Thoroughly researched and simply written. Buy. - Rated 5/5
The book consists of a substantial and thorough collection of studies carried out by other scientists over the years in various countries broadly on the subject of fertility as compared with traits such propensity to crime, years in education, alcoholism, number of siblings, socio-economic status etc and importantly discusses and analyses the likelihood that these traits are inherited. It struck me the author offered an objective educated opinion on each study and his observations on each subject were thought provoking.

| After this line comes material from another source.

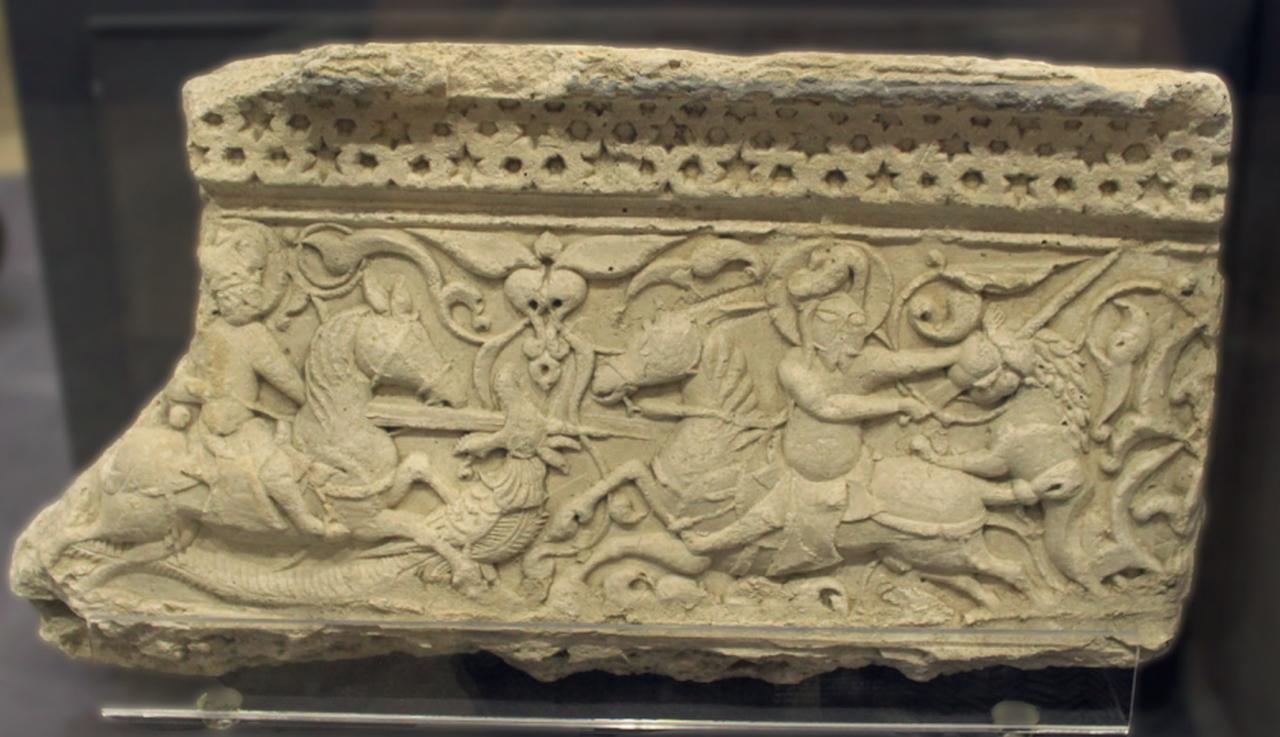 Fragment of stucco frieze attributed to Qilij Arslan II Kiosk, Konya, Türkiye, late 13th century. (Photo via Turkish and Islamic Arts Museum)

Also discussed is the concept of good genes and their synonymous traits. The quantification of and the attempt to define these was interesting in itself. What makes a good person good?
Needless to say, there may also have been umpteen studies showing natural eugenics occuring, but this book contains no shortage of studies showing the contrary.
Whatever your political persuation, I'd thoroughly recommend this book. I found it very interesting, informative, if a little concerning.